Ao JN, a Administração Interna assegura que "os números não se agravaram, apesar do aumento significativo do tráfego", e salienta ter publicado um Programa de Proteção Pedonal e de Combate aos Atropelamentos e organizado campanhas de sensibilização, como o "Júnior Seguro on Road" e a "Festas Seguras 2018".
Para este ano, o Governo pretende lançar um Concurso Plurianual de Prevenção e Segurança Rodoviária, para projetos inovadores de prevenção e segurança, e aumentar o investimento na segurança das estradas.

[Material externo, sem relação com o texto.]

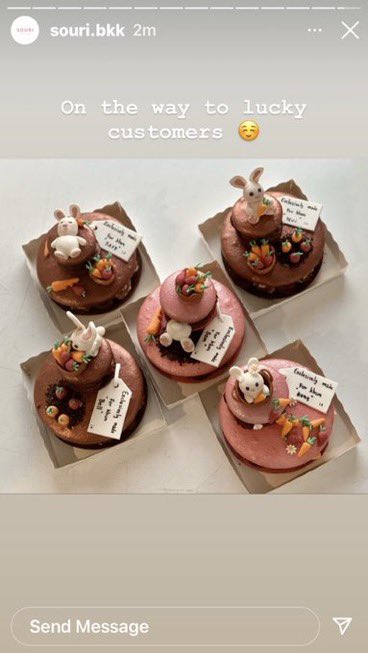 CWKung_'s tweet photo. อยู่กันมายาวนานตั้งแค่ฉลองครอบรอบ 1 ปี จนเวลาเดินทางมาถึง 6 ปีแล้วไวมากเลย จากเพิ่งเริ่มรู้จัก จนมาเป็นผู้โชคดีของวันครบรอบ1 ปี  ทุกวันนี้น้องกระต่ายในตะกร้าก็ยังอยู่ในตู้เย็น ขนมดีมีคุณภาพ หลากหลายคอลฯ มีให้ชิมไม่หยุดจริงๆ ที่สำคัญกล่องสวย

#SOURI #SOURIBKK #SOURI6thBirthday https://t.co/HK4fvLtvoY
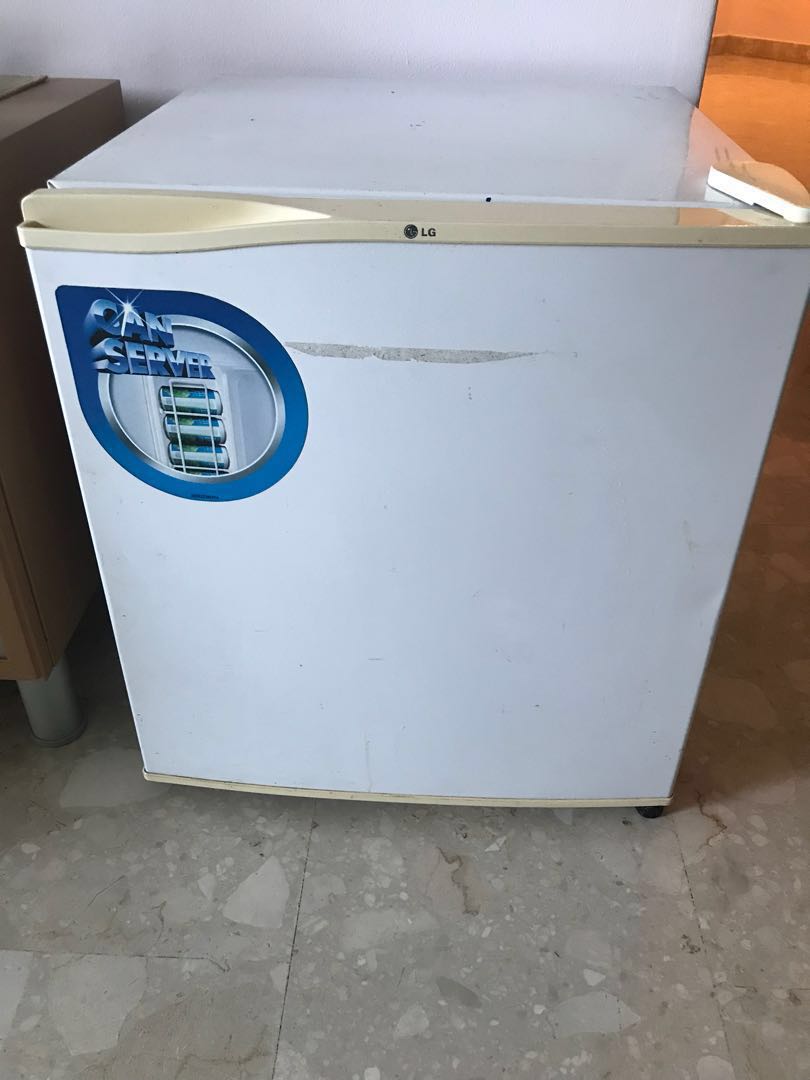 mini-fridge-tv-home-appliances-air-conditioners-heating-on-carousell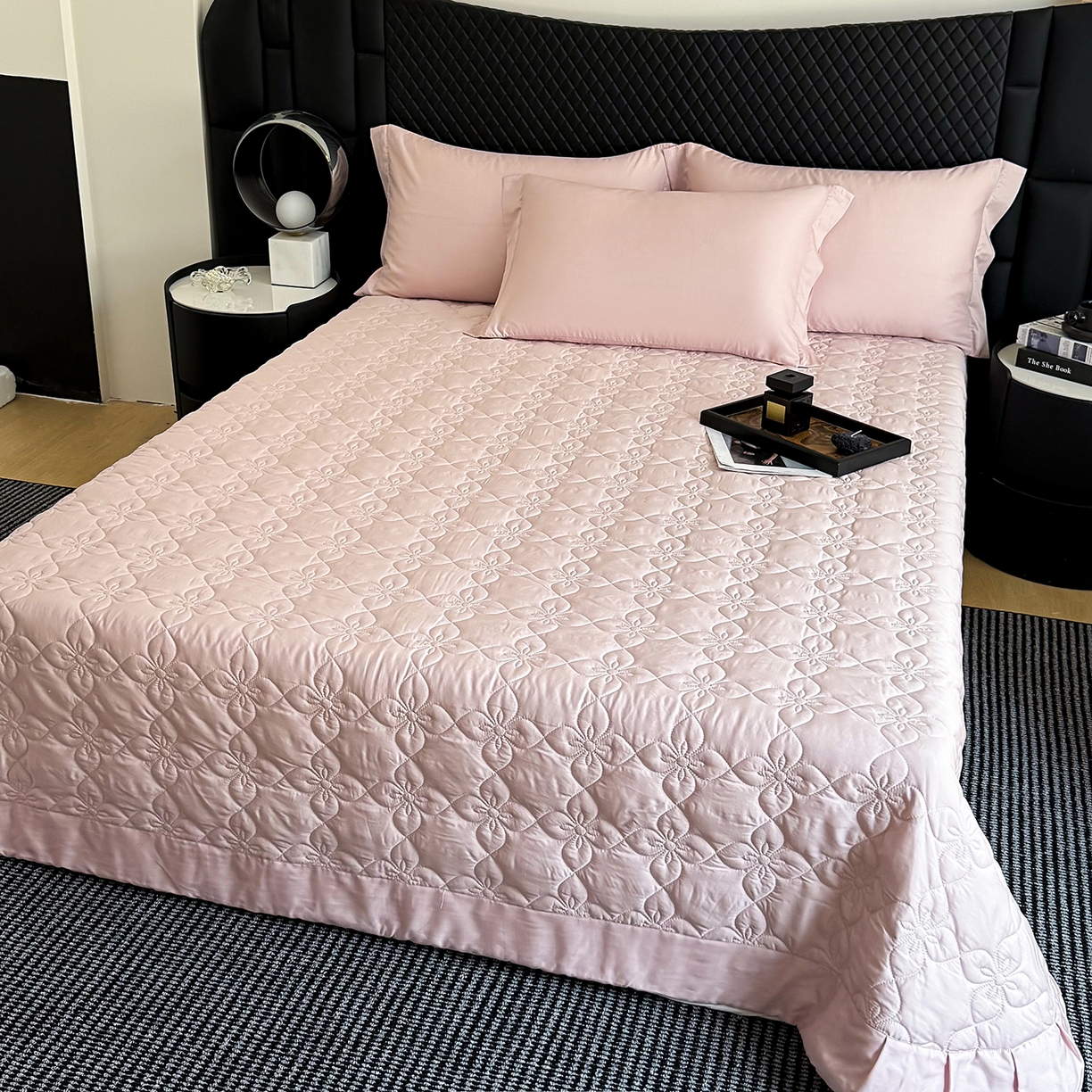 91家纺网 家纺一手货源 找家纺 三俏家纺 2026新款60支双面天丝床盖纯色 裸粉色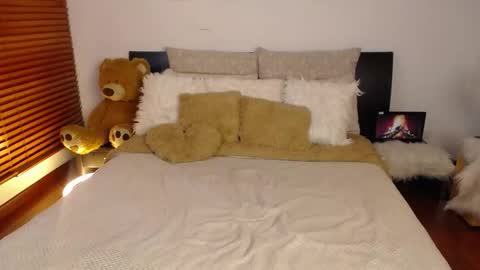 Sofi online show from February 7, 2:59 am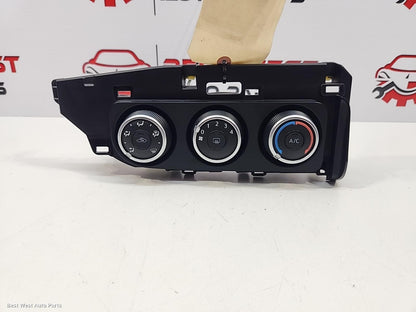 2018 TOYOTA COROLLA Heater/Ac Controls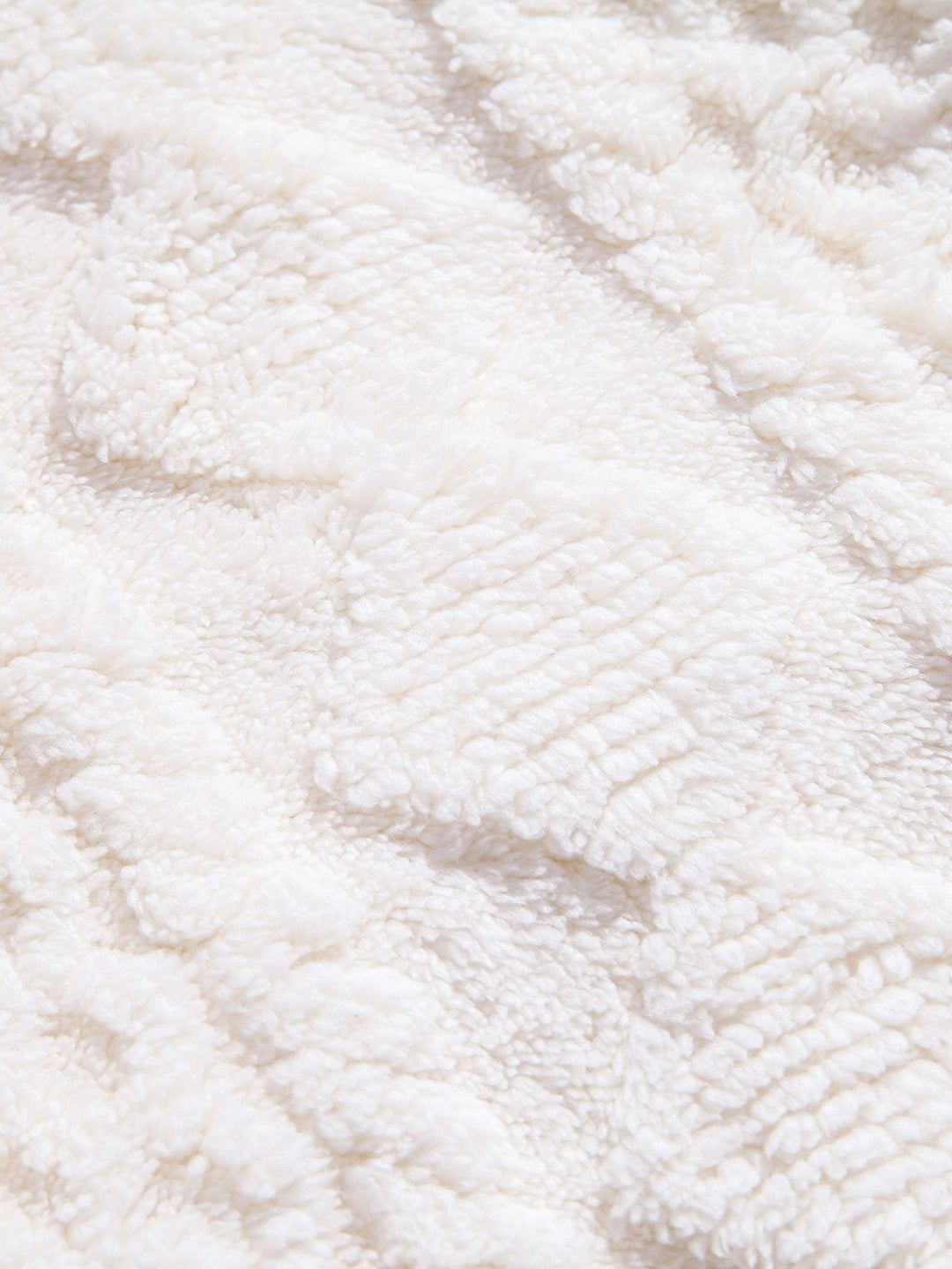 Мила - Нордическа Худи Перла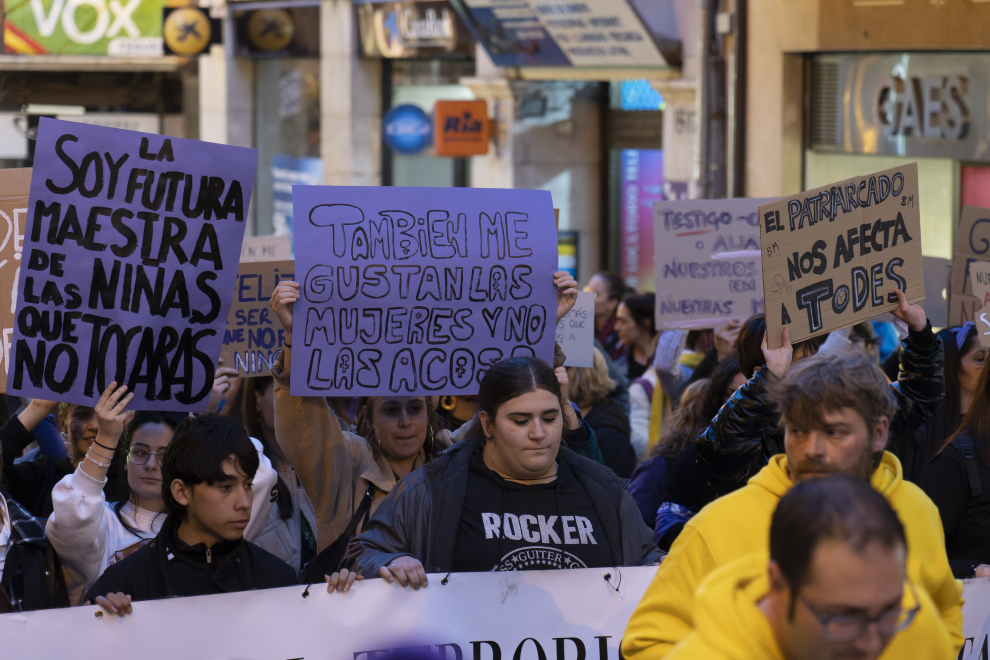 Manifestacion del dia de la mujer 8M en Teruel. foto Antonio garcia_bykofoto_4. 08_03_23[[[FOTOGRAFOS]]]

A carta por pontos, que arrancou em junho de 2016, está a tirar cada vez mais condutores da estrada. Nos dois primeiros anos, até junho de 2018, só 57 pessoas ficaram sem carta e 157 perderam os 12 pontos dados inicialmente, pelo que a Autoridade Nacional de Segurança Rodoviária iniciou o processo de cassação do documento. Mas na segunda metade do ano passado o ritmo acelerou. O mais recente balanço aponta para 118 pessoas sem carta de condução e cerca de 500 outros condutores com zero pontos. A evolução leva o Ministério da Administração Interna a afirmar que "em 2018 a carta por pontos apresentou um melhor desempenho" do que até então.
Saber mais
Bloqueio de telemóvel - O uso de aparelhos eletrónicos ao volante é tão perigoso quanto o consumo de álcool, e o Governo chegou a admitir bloquear o sinal de telemóvel nas estradas, mas não avançou. A medida, todavia, só resolveria parte do problema, já que os carros estão cada vez mais equipados com ecrãs.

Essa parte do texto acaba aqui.